▶ [RECORD SET]
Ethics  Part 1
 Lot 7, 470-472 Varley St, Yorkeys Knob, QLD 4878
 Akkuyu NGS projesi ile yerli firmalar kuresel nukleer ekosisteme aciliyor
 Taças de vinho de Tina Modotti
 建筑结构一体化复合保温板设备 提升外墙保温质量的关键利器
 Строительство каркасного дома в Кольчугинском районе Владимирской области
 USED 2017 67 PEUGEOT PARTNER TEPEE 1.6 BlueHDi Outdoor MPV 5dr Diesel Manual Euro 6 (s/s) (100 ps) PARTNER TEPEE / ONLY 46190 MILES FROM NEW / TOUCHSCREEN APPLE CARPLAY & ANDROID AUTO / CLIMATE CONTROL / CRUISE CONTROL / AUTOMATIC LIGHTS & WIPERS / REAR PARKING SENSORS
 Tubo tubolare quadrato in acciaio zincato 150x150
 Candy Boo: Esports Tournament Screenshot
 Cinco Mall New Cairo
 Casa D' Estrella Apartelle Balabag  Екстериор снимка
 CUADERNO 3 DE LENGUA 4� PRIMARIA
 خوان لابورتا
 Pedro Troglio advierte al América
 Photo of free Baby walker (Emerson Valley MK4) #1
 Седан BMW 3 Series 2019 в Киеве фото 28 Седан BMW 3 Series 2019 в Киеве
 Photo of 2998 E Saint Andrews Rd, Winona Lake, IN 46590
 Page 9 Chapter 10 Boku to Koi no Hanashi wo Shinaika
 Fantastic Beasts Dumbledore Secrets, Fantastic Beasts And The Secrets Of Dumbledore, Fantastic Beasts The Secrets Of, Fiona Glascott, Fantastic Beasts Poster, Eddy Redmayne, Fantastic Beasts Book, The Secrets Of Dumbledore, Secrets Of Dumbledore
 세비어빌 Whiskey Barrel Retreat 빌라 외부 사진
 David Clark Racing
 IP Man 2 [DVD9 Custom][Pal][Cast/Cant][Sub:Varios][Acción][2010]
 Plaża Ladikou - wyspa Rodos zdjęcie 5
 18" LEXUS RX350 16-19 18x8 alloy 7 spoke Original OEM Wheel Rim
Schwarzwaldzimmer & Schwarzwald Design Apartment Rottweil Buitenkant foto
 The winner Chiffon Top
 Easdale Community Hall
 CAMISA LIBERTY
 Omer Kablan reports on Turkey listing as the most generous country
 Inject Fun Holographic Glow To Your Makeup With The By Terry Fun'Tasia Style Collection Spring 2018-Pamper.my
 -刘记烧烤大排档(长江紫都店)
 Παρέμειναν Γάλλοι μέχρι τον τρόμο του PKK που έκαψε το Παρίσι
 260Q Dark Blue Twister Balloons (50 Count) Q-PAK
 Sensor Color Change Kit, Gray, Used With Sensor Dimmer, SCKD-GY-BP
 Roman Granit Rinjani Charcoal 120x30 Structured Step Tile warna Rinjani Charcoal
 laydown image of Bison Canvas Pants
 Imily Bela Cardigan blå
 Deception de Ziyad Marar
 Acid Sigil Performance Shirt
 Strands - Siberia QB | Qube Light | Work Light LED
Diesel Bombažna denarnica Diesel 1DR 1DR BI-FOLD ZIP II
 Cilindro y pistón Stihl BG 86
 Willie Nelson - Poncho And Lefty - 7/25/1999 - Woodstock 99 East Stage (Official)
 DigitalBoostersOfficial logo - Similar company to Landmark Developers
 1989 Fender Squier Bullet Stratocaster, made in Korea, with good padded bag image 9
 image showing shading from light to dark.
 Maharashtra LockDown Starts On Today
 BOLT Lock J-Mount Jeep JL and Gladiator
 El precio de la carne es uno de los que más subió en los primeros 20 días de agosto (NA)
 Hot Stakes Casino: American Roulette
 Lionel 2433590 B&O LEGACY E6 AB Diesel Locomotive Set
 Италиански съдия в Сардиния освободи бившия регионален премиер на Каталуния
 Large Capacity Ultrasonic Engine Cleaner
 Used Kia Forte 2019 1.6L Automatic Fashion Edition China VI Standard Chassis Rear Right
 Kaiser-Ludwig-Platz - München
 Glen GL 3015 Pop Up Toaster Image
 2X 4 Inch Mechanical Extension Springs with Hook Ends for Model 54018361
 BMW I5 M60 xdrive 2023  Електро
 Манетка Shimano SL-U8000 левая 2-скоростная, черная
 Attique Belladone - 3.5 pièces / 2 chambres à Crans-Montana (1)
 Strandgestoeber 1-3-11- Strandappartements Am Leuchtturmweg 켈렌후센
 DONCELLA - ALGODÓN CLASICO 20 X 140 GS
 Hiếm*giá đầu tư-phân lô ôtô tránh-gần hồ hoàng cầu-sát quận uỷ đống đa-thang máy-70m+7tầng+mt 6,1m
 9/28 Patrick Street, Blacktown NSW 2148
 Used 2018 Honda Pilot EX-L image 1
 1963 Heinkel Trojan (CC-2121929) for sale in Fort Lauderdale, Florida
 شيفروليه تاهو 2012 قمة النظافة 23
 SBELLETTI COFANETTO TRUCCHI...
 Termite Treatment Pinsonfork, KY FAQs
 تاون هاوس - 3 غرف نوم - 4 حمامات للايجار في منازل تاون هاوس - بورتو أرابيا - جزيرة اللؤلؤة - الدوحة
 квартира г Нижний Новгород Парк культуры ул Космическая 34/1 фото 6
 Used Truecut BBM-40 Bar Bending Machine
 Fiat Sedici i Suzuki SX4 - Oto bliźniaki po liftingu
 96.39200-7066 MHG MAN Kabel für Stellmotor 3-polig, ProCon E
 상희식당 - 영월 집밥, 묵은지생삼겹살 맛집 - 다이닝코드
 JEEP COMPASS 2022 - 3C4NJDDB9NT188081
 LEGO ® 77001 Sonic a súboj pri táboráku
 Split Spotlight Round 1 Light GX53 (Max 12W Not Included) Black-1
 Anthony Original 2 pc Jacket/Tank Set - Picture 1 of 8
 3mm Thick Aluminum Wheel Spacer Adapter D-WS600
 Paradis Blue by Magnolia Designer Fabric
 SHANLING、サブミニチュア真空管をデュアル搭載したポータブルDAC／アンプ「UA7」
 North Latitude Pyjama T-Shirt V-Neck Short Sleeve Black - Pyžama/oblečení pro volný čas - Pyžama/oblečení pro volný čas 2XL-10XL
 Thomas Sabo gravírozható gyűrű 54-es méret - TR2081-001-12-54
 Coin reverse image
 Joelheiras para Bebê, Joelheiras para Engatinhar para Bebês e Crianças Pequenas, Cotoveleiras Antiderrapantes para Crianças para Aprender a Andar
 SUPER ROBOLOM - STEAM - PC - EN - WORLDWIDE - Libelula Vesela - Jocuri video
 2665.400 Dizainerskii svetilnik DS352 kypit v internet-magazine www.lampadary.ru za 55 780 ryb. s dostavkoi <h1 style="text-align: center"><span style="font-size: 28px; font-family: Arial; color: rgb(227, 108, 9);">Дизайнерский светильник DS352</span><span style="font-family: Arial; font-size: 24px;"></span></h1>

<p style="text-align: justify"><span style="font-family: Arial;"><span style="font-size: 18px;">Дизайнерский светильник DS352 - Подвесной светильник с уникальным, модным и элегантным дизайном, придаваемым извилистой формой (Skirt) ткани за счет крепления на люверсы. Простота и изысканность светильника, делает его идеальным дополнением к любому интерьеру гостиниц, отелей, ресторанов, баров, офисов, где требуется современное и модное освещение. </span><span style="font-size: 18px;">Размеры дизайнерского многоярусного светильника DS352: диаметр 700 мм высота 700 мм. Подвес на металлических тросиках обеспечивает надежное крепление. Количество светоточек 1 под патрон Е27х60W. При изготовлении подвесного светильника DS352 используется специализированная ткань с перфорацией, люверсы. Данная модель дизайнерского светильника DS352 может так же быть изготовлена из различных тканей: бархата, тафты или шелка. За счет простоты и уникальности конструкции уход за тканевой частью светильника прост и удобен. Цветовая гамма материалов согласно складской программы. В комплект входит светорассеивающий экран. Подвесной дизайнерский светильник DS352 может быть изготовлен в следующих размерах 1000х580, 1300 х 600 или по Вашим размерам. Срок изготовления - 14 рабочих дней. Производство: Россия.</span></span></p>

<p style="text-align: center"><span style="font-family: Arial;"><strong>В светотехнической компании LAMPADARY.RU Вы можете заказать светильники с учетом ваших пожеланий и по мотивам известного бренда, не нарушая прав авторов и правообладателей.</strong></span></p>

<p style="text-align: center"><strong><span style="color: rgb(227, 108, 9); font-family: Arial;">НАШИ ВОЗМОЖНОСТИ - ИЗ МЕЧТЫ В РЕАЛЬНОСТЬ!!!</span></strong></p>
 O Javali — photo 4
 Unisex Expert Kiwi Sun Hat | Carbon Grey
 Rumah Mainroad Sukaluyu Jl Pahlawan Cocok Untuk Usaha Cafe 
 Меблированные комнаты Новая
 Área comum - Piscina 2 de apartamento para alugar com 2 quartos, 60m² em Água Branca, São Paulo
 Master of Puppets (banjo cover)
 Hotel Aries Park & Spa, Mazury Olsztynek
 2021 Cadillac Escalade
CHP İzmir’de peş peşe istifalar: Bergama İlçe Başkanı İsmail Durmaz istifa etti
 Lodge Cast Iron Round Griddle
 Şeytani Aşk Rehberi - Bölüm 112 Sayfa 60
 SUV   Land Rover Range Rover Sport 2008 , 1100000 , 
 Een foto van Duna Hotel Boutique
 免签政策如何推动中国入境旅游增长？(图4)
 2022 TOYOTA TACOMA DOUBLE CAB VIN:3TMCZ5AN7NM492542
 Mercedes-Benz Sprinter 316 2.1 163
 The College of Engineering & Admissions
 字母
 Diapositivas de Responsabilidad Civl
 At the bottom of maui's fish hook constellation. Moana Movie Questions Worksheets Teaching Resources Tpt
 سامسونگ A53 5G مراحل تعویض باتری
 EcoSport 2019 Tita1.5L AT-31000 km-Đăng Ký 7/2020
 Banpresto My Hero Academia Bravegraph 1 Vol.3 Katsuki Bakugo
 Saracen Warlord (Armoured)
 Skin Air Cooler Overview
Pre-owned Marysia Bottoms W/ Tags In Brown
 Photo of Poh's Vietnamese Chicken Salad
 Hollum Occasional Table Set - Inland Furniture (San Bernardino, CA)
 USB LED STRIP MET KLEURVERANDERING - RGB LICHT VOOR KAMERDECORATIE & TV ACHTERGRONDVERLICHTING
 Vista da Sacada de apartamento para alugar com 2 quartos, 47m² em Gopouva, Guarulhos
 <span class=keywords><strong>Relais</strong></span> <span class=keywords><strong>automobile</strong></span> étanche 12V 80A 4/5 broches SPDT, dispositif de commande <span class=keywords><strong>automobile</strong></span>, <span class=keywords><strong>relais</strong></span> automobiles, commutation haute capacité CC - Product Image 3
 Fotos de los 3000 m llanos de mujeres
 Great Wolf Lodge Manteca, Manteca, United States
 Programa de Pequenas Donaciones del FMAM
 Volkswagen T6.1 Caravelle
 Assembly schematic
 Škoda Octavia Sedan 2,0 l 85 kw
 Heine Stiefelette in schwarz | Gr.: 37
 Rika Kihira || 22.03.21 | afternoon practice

▶ [AIM OF THE TASK] Reproduce every line from the entries that holds the word "Original".

▶ [SOLUTION FOR THIS EXERCISE]
 18" LEXUS RX350 16-19 18x8 alloy 7 spoke Original OEM Wheel Rim
 Anthony Original 2 pc Jacket/Tank Set - Picture 1 of 8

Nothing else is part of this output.